Opdracht 2: Geometrische en organische vormen

De geschiedenis

Geometrische vormen zijn alle vormen, die je met behulp van passer en liniaal kunt construeren, zoals het vierkant (de rechthoek), de driehoek en de cirkel.

Geometrische vormen zijn vooral in de architectuur altijd veel toegepast en dat is heel verklaarbaar: ten eerste zijn ze goed berekenbaar en ten tweede moeten ruimtes en verdiepingen op elkaar aansluiten en dat gaat nu eenmaal het gemakkelijkst met geometrische vormen.

Geometrische vormen zijn berekende en controleerbare vormen en daarom werden ze door deze architecten verkozen boven niet-geometrische; bij een goed evenwicht tussen de praktische functies van een gebouw en de toegepaste (geometrische) vormen moest vanzelf een schoonheid ontstaan, die geen versieringen meer nodig had behalve eventueel kleur.

Sommige gebruiksvoorwerpen hebben al sinds mensenheugenis voornamelijk geometrische vormen: tafels b.v. (vierkant, rechthoekig of rond) en borden (rond).

Geometrische abstractie is abstracte kunst met geometrische vormen.

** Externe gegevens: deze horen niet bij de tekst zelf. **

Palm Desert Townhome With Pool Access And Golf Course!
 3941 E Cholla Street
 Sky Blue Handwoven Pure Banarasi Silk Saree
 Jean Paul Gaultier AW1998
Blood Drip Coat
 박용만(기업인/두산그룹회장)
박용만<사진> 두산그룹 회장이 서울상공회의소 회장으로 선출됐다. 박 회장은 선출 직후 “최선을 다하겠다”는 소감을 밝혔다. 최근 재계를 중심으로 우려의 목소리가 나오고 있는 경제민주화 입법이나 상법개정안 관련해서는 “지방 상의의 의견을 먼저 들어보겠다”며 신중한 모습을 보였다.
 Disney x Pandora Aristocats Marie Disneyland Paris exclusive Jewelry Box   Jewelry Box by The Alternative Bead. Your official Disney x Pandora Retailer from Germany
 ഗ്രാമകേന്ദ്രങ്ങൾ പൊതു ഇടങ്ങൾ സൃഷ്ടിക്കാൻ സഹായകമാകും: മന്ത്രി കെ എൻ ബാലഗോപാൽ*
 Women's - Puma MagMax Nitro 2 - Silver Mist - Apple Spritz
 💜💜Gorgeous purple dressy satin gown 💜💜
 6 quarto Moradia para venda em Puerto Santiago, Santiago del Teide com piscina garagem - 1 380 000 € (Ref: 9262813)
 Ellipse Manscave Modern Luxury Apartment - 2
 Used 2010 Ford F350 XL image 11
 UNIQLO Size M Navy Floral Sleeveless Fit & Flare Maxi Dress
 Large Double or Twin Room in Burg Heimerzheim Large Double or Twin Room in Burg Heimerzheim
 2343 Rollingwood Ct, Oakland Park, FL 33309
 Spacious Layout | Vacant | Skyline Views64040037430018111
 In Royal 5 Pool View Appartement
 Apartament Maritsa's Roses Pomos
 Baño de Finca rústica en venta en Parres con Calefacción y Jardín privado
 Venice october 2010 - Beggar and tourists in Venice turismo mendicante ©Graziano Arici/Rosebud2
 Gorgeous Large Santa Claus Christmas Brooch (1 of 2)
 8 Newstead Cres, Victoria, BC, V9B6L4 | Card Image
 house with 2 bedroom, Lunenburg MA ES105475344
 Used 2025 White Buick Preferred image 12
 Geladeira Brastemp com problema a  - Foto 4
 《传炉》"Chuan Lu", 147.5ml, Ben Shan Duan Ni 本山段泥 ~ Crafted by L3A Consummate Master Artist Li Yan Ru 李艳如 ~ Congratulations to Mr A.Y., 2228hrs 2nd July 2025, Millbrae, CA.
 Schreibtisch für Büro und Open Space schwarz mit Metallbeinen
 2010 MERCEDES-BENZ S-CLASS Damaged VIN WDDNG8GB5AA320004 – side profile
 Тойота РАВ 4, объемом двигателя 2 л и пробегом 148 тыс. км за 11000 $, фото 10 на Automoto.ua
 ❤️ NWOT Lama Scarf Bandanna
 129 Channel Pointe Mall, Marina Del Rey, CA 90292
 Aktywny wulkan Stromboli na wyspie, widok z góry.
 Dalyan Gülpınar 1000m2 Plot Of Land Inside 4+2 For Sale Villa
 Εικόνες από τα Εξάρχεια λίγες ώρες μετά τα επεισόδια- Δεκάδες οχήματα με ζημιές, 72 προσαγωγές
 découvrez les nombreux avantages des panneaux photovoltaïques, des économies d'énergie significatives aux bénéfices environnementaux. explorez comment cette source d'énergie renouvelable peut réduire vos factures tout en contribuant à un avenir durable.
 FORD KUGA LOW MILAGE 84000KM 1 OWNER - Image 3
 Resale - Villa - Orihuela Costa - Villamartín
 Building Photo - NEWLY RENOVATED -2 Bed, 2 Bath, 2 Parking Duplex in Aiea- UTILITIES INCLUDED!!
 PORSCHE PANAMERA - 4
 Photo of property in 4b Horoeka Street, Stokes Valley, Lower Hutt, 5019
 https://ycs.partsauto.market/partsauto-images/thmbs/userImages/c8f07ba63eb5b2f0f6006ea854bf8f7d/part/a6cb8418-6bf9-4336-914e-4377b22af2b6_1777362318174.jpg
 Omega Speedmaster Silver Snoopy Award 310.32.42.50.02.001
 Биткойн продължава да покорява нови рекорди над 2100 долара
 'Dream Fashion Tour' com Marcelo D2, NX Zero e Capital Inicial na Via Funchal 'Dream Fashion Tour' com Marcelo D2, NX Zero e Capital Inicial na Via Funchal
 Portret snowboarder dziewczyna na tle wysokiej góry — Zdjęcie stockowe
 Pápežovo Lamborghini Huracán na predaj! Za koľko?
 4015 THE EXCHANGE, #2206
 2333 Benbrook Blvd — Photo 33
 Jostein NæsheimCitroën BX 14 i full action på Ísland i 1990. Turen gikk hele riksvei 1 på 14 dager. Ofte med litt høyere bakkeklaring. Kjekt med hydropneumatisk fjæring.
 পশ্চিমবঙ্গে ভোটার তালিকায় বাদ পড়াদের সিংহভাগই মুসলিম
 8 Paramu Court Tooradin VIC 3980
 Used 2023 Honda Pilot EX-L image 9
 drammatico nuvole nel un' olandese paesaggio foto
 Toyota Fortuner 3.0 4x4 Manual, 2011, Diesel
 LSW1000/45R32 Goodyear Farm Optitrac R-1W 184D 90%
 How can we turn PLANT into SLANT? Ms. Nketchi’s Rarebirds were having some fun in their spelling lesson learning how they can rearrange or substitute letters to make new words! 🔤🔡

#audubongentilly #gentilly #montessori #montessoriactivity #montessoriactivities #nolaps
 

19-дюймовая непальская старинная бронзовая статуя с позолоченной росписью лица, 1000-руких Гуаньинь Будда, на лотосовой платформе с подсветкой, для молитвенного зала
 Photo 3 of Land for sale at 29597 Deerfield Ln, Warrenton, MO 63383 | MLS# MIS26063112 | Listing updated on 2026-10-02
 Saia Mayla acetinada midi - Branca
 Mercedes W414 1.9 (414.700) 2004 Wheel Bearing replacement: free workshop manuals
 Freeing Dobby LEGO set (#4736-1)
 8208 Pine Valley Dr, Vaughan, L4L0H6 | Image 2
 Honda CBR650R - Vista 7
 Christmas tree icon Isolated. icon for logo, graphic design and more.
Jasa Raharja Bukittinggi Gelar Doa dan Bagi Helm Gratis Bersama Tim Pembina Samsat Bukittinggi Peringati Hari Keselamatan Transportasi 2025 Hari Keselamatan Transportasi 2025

Een geometrische vorm is een meetkundige vorm, zoals een rechthoekvierkant of driehoek. Een gesloten vorm is een dichte vorm zonder gaten of openingen. Het is het tegenovergestelde van een open vorm, een lijn.

Abstracte kunst was in veel godsdiensten een noodzaak, omdat het afbeelden van concrete (echte) zaken streng verboden was om de terugval naar de verafgoding van mensen, dieren of hemellichamen te voorkomen.

Geometrische vormen komen in de natuur weinig voor, b.v. in kristallen; alleen de cirkel (bolvorm) kan direct herinneringen aan natuurlijke zaken oproepen: aan vruchten, de zon e.d..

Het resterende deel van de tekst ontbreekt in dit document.